Sabtu, Agustus 22, 2009

Hakekat Puasa (1)

Setelah selama satu tahun menanti, akhirnya kita bertemu lagi dengan Ramadhân yang mulia, saat kaum Muslimîn diwajibkan untuk mengerjakan salah satu rukun Islâm, yaitu puasa Ramadhân (shiyâmu Ramadhân). Secara etimologis, shawm berarti “menahan” (imsâk). Sedangkan secara terminologis, salah seorang ulama fiqih kontemporer, Dr. Yûsuf Qardhawi memberikan batasan bahwa “puasa secara syar’i adalah menahan dan mencegah kemauan dari makan, minum, bersetubuh dengan isteri, dan yang semisalnya sehari penuh, dari terbitnya fajar siddiq (waktu subuh) hingga terbenamnya matahari (waktu maghrib), dengan niat tunduk dan mendekatkan diri kepada Allâh swt.”

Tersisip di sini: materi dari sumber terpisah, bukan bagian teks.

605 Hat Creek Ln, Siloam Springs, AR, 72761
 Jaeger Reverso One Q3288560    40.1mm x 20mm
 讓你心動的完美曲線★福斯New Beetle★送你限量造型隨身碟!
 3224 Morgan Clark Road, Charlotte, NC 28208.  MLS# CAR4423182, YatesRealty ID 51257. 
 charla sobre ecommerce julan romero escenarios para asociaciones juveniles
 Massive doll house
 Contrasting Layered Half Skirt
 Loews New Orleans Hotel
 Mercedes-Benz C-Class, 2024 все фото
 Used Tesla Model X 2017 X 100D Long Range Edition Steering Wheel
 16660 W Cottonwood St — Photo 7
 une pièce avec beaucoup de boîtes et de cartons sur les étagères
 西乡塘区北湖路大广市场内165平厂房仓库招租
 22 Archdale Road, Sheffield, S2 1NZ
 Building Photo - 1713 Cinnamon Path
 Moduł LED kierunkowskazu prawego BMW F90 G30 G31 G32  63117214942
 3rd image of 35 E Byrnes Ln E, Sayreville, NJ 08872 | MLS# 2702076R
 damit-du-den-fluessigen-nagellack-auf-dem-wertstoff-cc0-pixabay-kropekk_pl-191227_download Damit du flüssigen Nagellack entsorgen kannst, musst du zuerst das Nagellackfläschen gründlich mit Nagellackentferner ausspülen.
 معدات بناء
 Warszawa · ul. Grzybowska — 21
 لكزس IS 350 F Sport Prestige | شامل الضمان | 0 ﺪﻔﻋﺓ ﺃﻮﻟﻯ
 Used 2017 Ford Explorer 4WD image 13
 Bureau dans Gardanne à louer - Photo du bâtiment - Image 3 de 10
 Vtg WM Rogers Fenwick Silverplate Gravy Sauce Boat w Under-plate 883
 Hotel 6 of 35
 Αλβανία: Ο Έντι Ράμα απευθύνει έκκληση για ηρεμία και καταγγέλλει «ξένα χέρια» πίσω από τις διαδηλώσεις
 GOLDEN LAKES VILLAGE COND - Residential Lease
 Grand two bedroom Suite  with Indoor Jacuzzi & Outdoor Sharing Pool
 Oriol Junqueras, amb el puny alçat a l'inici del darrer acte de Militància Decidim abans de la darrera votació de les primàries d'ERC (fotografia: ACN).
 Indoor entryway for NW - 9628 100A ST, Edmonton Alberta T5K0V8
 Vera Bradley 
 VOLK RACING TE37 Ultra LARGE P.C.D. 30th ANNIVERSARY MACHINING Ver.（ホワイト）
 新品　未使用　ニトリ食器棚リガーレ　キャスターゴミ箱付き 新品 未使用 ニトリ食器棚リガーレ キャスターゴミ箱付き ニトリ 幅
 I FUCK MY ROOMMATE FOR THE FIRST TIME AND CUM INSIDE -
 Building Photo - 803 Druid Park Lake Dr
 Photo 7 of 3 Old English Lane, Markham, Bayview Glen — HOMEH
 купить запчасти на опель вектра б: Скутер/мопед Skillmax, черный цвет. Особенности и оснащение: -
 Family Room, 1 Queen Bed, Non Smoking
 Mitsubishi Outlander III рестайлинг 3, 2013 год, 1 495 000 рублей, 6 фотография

Puasa adalah ibadah yang tidak saja disyariatkan kepada kita sebagai umat Nabi Muhammad saw, tetapi juga telah disyariatkan kepada umat-umat terdahulu (Q.S. 2:183). Dalam terminologi ushûl fiqh, selain haji, ibadah ini termasuk ke dalam lingkup ibadah syar’u man qablanâ. Artinya bahwa puasa adalah ibadah yang sudah “tua” dan mempunyai sejarah yang panjang. Sehingga kita sering mendengar bahwa Nabi Idrîs as adalah seorang praktisi shawm ad-dahr (puasa sepanjang tahun), bahkan seutama-utama puasa yang dianjurkan oleh Nabi kita berasal dari rutinitas Nabi Dâwûd as yang berpuasa selang sehari. Begitu mengakarnya ibadah ini dalam sejarah orang-orang suci terdahulu.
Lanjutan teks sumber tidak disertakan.